A new Sprint ad shows two young dudes lounging on a park bench--or rather, one guy lounges while the other is frantically battling his cell phone. That phone turns out to be an Apple iPhone, and as it turns out, the more relaxed guy, Matt, can help his buddy out.
"My friend Steve’s iPhone is cool, but it’s limited to AT&T’s 3G speeds," he says. "So I’m gonna use the Overdrive 4G mobile hotspot to make it up to 10 times faster. While that’s happening, I’m gonna enjoy this tasty snack." He pulls out a Sprint- connected portable Wi-Fi hotspot and--of course--a tasty apple, and Steve’s 3G troubles are over.
Cue the legal fireworks. If AT&T got incensed over Verizon using AT&T’s own 3G coverage maps as a weapon, you have to think that this no-nonsense critique of the AT&T network will cause some aggravation as well.
Verizon could at least back its claims with some solid data, even if AT&T’s spotty coverage has reportedly improved since then.
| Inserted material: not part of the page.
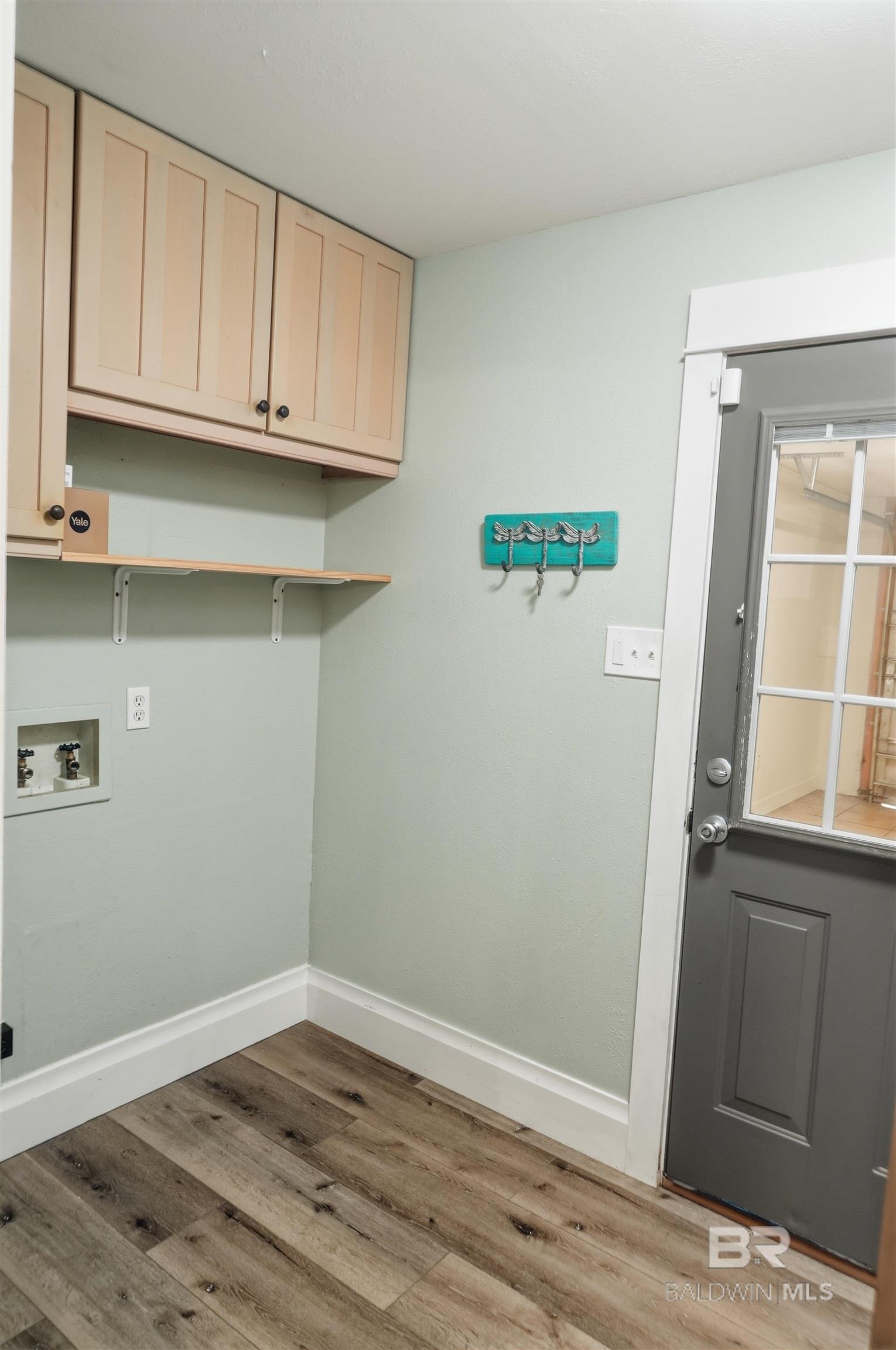 506 Spanish Main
Sprint is picking cherries to climb the Apple tree here. That "10 times the speed" claim rests on a worst-case 3G connection and the most positive 4G data Sprint can muster on its own network. "Triple the speed" might be closer to the truth on average.
Besides, Sprint’s 4G network has only opened up in 33 cities so far, with a heavy Midwestern concentration. Major population centres like San Francisco and New York, where AT&T’s network quality has drawn the most fury so far, are not covered at all--so Matt’s clever solution wouldn’t help Steve at all in most cases. Sprint’s own coverage information will make that very clear if you try to order an Overdrive gadget.
With iPhones, iPads, and Google Androids flooding the market, all the major service providers need to figure out how to handle heavy Web use and streaming video for previously unheard-of millions of customers nationwide. This Sprint trinket and the accompanying ad campaign seems designed to steal iPhone users from AT&T, but Sprint isn’t really ready to take most of them on anyway.
By the time Sprint has covered most of the country, chances are that Verizon and AT&T have gotten their own 4G installations in gear. After the undisputed failure of the Palm Pre smartphone, Android handsets look like better ammunition for Sprint’s war against the Big Two than the 4G network is.